Expected goals (xG) give a good indication as to how good a chance is and on how many occasions would a player had scored such chance. His total is currently 3.32, meaning he should have scored around three (which he has). But two of those goals came from City’s match against Cardiff City, where his total is 0.92, suggesting both of his goals were actually technically harder to score on a number of probabilities. Against Bournemouth, where he has six shots but only one on target, his total xG was 0.52 – which is fairly low for a total.

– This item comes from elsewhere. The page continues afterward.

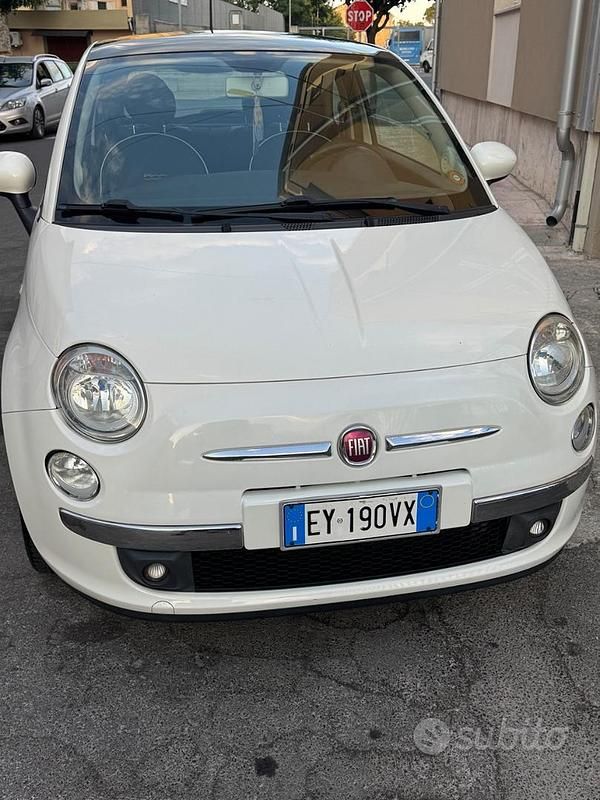 Bianco Usata 2015 Fiat 500 Due volumi | 9500 € - Immagine 1/4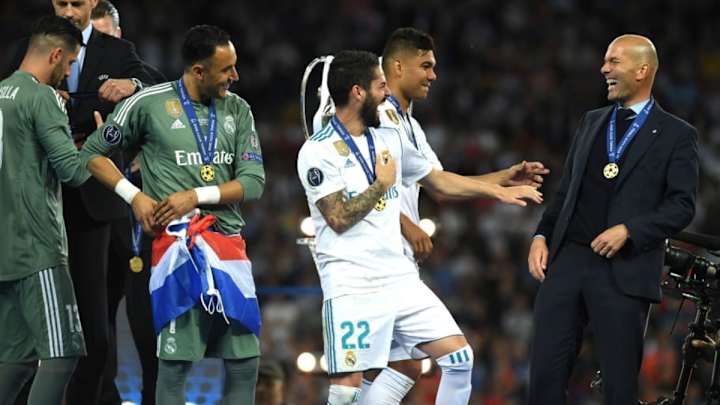 Real Madrid Stars Pay Tributes to Zinedine Zidane–But Bale is Noticeably Quiet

Away from the goal element, Srbeny’s hold up play and contributions to the team has seemingly improved or at least have become more noticeable. 18 of his 22 dribbles (81.8%) were successful, whilst he has assisted shots seven times this season and has made 12 progressive runs, including three against Bournemouth. Whilst his statistics for winning aerial duels and offensive duels aren’t the highest at 27.4% and 53%, it does prove he is a willing participant to hold up play by shielding the ball and using his height to his advantage.
It’s worthy of at least a mention.
For a team to thrive when odds are against them, when they are hit hard by injuries of their best players and things still need ironing out, it takes courage and a special team – and for Farke to trust his instinct in trusting inexperienced, young players in the division (including Max Aarons who has since flourished at just 18-years-old), it’s risky but it’s also an indescribable feeling when it pays off.
It’s proof Farke has found a way to instil his methodology and allow it to flow throughout the club and somehow work in any situation that is thrown at us (for the time being).
In the same way I ended after City’s victory against Middlesbrough (with a tweak):
Things have clicked and will hopefully continue to keep clicking but maybe that’ll be the beauty of this season.